The issue facing law enforcement and the court system then is, what do they do now? According to Hendricks, a great deal of hope and success have come from the fact that law enforcement professionals across the board have changed their attitude concerning addiction and the individuals who are facing it.
"I spent the majority of a 23 year career locking these people up and it took a lot of convincing for me to see that jail and prison is not the answer," he said.
The steps toward an answer lie in treatment and the county's drug court programs, agreed Hendricks, White and Stefanoff. The case made by the trackers is that while many from the court do relapse after the program is over, for the two years they participate they are clean, they are healing, and they are paying taxes.
"The program works while the participants are in it," said White. "They are supervised with a minimal expense to the community and they learn how to live a productive life."
The cost to incarcerate an individual for the two year term of drug court would total over $40,000 if the person was in the county jail. In prison, the cost grows to over $64,000.
In the drug court, participants pay for the involvement. In a given week, $2,800 is taken in by Carbon County from the fees of Drug Court participants, making the program partially self-sustaining. An advantage of drug court which is difficult to quantify lies in the fact that participants are provided with intensive treatment instead of being warehoused.

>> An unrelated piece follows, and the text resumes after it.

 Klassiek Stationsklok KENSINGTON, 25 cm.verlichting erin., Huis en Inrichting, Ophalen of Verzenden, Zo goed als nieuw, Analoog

"Do you know what it's like to fight a war for 20 years and lose the whole time?" asked Hendricks. "And then after 23 years to see that you can still win? That is an amazing thing. The good news here is that there is hope."
According to both Hendricks and White, the two things that will make the biggest difference in their crusade to abate substance abuse are open and honest community dialogue concerning the problem and the creation of a detox and inpatient treatment facility in the area.
"We need hope just like the addicts we supervise," said Hendricks. "And because of the drug court, we get that hope. It is exhilarating to know that the people we are involved with are doing well, some of them for the first time in a long time."
Just as the attitude of law enforcement has changed to meet the needs of the day, the protocols of drug court have also changed. When the program started in Carbon County in 2005, violent offenders were automatically screened out. Today, the court takes the most difficult of cases and according to Stefanoff they are succeeding with a great many of them.
"It makes for a tough job for our trackers," he said. "But the payoff is well worth it."
Moving forward, the biggest challenge to the court is funding. While the statistics showing the success of those in the program are overwhelming, state funding has been consistently cut, an issue Hendricks feels can only be addressed by local citizens addressing their elected officials.
In his mind the program should convince the most hardcore of conservatives based on fiscal responsibility alone. It is cheaper to rehabilitate these individuals than to jail them. As for liberals, the concept alone is a winner. We are helping people, he said.